Buzzards are very good at hovering, I see them regularly hovering just like Kestrels; they're not as good at it as Kestrels, but they are very good at finding just the right amount of wind uplift to hold them in one spot, sometimes for minutes on end.  Red Kites hover and are equally as good at it as Buzzards.  Sparrowhawks and Goshawks can also hover when it suits them and the conditions are right.  Peregrines do very occasionally hover, but the wind uplift has to be just right for them.  Golden Eagles appear to hover but are actually just holding one position on a thermal.  In fact most birds of prey can hover to some extent, it's a usefull addition to hunting skills which can be used when conditions are right.

nirofo.

----------


## Kenn

Very interesting nirofo but even having been brought up in buzzard country, I have never seen a buzzard hover, hold it's flight on a thermal definitely
I will be watching them much more closely in future.

----------


## Welcomefamily

We use to have lots of pairs of common buzzards in the woods and forests around us when we lived on Exmoor, it was great to watch them thermal up drafting in pairs, sometimes 6 or 8 at a time along a rock ridge. On lots of occasions I have also seen them Hovering. You get a few up here as well, I often see when I am going fishing.

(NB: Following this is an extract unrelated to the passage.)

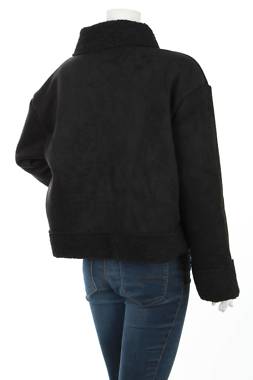 Преходно яке Boohoo2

I think it looks like a common buzzard as they always appear to look uncomfortable with the hoovering and it is very quick to glide. It is hard to tell if its got a white tail with a dark tail band which is common with the rough legged buzzard.

----------


## Kevin Milkins

I have always thought of the buzzard as a very economical bird when it comes to flying and although I have seen them make good use of thearmals and uplifts I have never seen one hover as well as this guy.

We watched him for about half an hour and at first we thought it was a Kestral because it was a fair distance away and then a Kestral flew in and mobbed him then flew off so it gave us a good prospective of it's size.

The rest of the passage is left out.